Rasche schafft im Riesenspektakel immer Platz für große Einzelauftritte, auch Patrycia Ziolkowska bekommt Raum als trauernde Atossa und für das schillernde Umschaltspiel, wenn sie wider alle Gram glücklich ist, dass ihr Sohn lebt. Alle sind ja tot – Namen über Namen gefallener Helden werden genannt, gelistet –, aber das Jüngelchen Xerxes nicht. Das macht es noch schlimmer, aber nicht für die Mutter. Die Mutter will, dass ihr Kind lebt, in Ziolkowskas Gesicht lesen wir es nach. 

Wie sieht es in Xerxes aus? Das ist nicht leicht zu beurteilen. Xerxes hat noch nicht begriffen, was passiert ist und dass es wegen ihm passiert ist.
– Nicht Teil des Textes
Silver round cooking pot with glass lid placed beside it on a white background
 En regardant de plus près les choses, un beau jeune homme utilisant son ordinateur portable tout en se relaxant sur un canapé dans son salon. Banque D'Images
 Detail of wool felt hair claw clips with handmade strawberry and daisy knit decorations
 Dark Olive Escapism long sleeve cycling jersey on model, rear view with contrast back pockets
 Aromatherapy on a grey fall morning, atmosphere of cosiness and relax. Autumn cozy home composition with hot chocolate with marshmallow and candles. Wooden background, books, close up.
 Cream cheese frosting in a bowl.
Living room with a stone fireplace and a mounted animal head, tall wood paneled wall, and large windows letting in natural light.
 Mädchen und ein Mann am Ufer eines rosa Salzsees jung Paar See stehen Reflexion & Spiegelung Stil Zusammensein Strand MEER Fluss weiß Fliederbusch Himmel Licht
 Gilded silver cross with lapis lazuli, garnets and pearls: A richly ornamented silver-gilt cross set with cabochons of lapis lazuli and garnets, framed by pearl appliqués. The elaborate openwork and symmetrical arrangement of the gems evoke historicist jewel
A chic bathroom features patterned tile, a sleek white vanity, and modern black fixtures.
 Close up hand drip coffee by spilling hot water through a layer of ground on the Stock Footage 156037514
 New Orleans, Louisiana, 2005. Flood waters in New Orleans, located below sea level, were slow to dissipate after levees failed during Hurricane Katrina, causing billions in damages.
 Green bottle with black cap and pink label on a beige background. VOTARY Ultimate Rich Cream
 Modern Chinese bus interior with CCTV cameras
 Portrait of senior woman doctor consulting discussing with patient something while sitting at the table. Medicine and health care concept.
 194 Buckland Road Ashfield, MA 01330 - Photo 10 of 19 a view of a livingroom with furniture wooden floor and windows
Rasche, eisig, kommentiert das nicht, lässt Xerxes durch eine Dreierbesetzung (Max Bretschneider, Torsten Flassig und Johannes Nussbaum) im unindividuellen Bereich reiner Textwiedergabe allein.

Ebenfalls wie erwartet stehen im Zentrum jedoch Massenszenen, für die Rasche keine Massen benötigt, sondern einen gewieften Beleuchter (Johan Dealere), schlagwerkbetonte Hollywoodmusik (von Ari Benjamin Meyers), eine auf die Seiten verteilte, ohne Unterlass beschäftigte Combo (musikalische Leitung: Nico van Wersch), zwei Sänger (Guillaume François und Arturas Miknaitis) und 15 junge, ansehnliche, an die Scheibe geseilte Schauspieler. Auf der hinteren, dramatisch sich in Schräglagen begebenden Scheibe marschieren und sprechen sie hingebungsvoll im Chor. In auf Sprechbühnen selten geprobten Crescendi – ein effektvoller Umgang mit der Tatsache, dass sich in „Die Perser“ nichts entwickelt, da ja bereits alles passiert ist – geht es hin zur Schlachtbeschreibung, nachher hin zur Wehklage, die ganz am Ende nur zum Schweigen zu bringen ist, indem das Licht ausgeschaltet wird. 

Der Verlauf der Schlacht, der ein viel zu leicht gelungener Betrug von griechischer Seite vorausgeht, ist durch diesen umso grausiger. Die Perser, „befehlsgewohnt“, rudern diszipliniert in ihr Unglück und meinen noch, morgen gehöre ihnen Griechenland. Denn in Salzburg wird die moderne, klug aktualisierende „Wiedergabe“ von Durs Grünbein verwendet, das heißt deklamiert. Ungeheure Wirkung erzielt das sonst manchmal naturgemäß fade werdende Deklamieren, wenn die jungen Soldaten im Kreis Richtung Tod laufen, nicht überengagiert, aber als wären sie unaufhaltsam, und was den Tod betrifft, sind sie das auch. Für die Schlacht teilt sich der Chor, Schlagworte beider Seiten werden donnernd skandiert (die Ohrstöpselausgabe scheint trotzdem übertrieben, man muss heute wohl mit allem rechnen). Dann der Zusammenstoß, das Taumeln und Stürzen, kurze Zeit wird nicht geredet, sondern gefallen. Gesichter junger Männer sind in raffiniert dezenten Großaufnahmen (Video: Philip Bußmann) zu sehen. 

So, und das ist jetzt nicht so angenehm: Rasche zeigt hier trotz allem schöne, wilde, faszinierende Szenen, und die Trommel schlägt den Takt dazu, obwohl doch allgemein bekannt ist, dass der Krieg erbärmlich ist, und ein Morden ohne Rhythmus. Rasche bleibt ganz bei Aischylos. Aischylos ist kein Pazifist. Es geht in „Die Perser“ nicht darum, keinen Krieg zu führen, sondern darum, Krieg zu führen, den man dann gewinnt. Den Griechen ruft er zu, sich künftig nicht gleichfalls zu übernehmen. Das Publikum heute trifft auf Schritt und Tritt auf die Mechanismen von Propaganda und Irrleitungen, von den Folgen verblödeter Politik und kollektivem Größenwahn, aber es darf seine Schlüsse selbst ziehen. Zu dem Eindruck, einen reifen Abend zu sehen, trägt das bei. Ein paar Zuschauern war es in der Pause genug, am Ende gab es großen Jubel.